(Material for the task Opens)
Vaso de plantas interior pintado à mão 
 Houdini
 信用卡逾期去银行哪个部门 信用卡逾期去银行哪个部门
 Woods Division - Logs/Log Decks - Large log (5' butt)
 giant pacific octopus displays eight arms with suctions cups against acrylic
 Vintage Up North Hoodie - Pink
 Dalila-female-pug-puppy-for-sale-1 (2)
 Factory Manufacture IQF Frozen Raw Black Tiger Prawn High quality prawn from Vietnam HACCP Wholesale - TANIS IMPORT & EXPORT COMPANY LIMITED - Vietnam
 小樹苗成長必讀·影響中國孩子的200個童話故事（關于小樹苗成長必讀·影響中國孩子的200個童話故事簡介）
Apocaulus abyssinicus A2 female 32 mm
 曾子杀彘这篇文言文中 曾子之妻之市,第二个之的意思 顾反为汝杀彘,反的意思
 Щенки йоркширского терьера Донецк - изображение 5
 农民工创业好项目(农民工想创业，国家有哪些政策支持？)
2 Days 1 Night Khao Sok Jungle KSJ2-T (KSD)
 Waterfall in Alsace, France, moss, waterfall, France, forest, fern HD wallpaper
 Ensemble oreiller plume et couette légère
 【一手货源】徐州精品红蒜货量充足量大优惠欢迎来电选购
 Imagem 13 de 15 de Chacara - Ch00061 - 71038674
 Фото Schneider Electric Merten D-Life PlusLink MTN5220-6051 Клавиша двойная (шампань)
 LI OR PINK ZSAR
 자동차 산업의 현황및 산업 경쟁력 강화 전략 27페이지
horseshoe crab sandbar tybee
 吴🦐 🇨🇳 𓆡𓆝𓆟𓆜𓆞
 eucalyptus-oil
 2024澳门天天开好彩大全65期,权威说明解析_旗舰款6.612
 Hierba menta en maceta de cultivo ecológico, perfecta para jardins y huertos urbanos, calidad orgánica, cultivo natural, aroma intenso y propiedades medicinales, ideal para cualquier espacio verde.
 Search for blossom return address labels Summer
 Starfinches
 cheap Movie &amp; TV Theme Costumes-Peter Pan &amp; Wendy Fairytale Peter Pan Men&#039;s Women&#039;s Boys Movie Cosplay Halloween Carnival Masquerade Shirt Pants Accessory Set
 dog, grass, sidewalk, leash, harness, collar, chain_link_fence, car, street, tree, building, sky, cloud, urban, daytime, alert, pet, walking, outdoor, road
(Material for the task Closes)
:: Exercise description ::
Among the lines of the data, find every one that holds "female" and copy it.

:: Answer area ::
 Dalila-female-pug-puppy-for-sale-1 (2)
Apocaulus abyssinicus A2 female 32 mm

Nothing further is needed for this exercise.